### WORK TO BE COMPLETED
An exact copy of all the data below is needed, without its pictures.

### INPUT
BEGIN

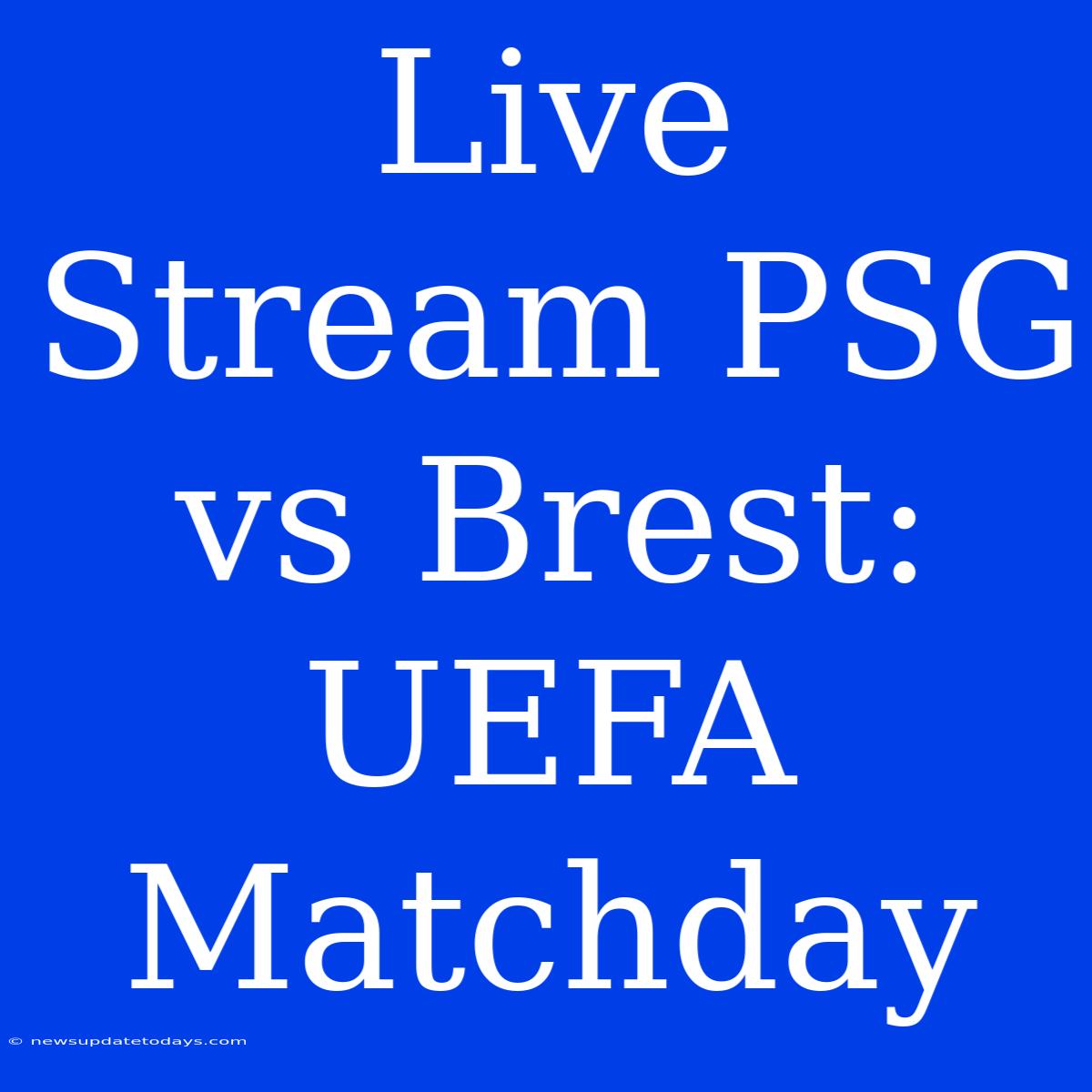 Live Stream PSG Vs Brest: UEFA Matchday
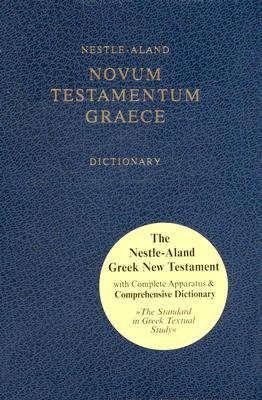 Nestle-aland: Greek New Testament W/concise Dictionary (Greek Edition)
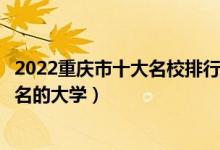 2022重庆市十大名校排行榜（重庆最好的十所大学重庆最出名的大学）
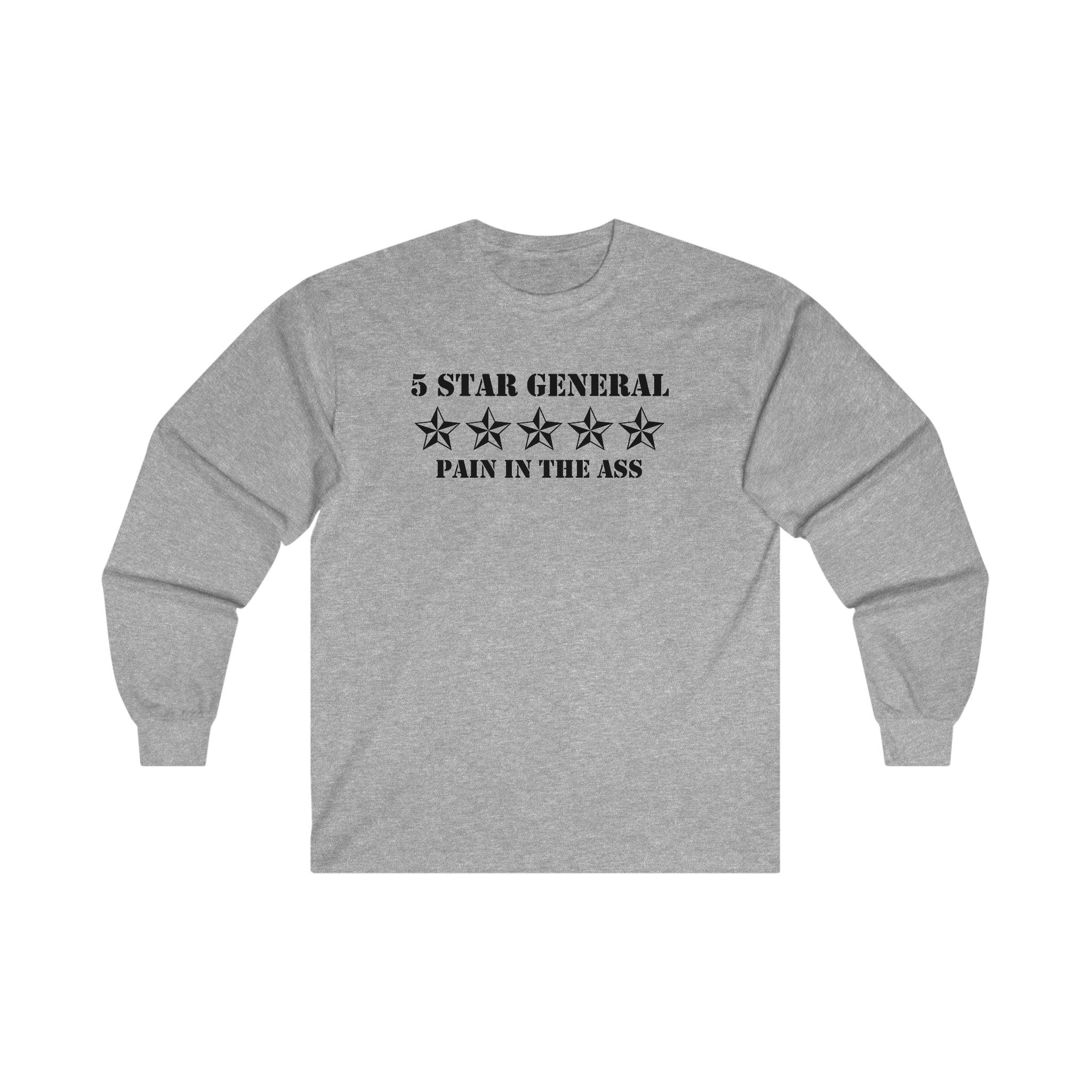 5 Star General Pain In The Ass - Long-Sleeve Tee - Witty Twisters Fashions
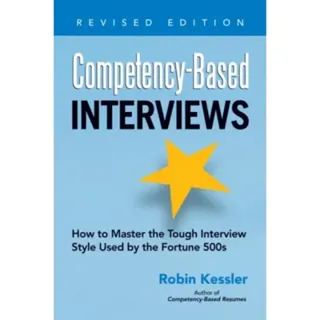 Competency-Based Interviews, Revised Edition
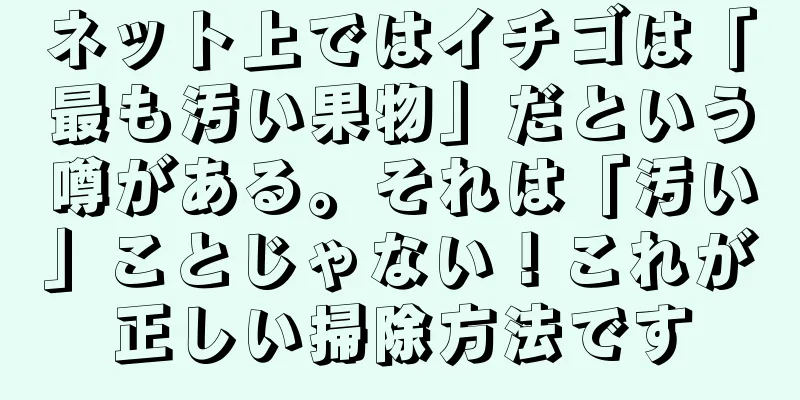 ネット上ではイチゴは「最も汚い果物」だという噂がある。それは「汚い」ことじゃない！これが正しい掃除方法です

END

### EXERCISE RESULT
 Live Stream PSG Vs Brest: UEFA Matchday
 Nestle-aland: Greek New Testament W/concise Dictionary (Greek Edition)
 2022重庆市十大名校排行榜（重庆最好的十所大学重庆最出名的大学）
 5 Star General Pain In The Ass - Long-Sleeve Tee - Witty Twisters Fashions
 Competency-Based Interviews, Revised Edition
 ネット上ではイチゴは「最も汚い果物」だという噂がある。それは「汚い」ことじゃない！これが正しい掃除方法です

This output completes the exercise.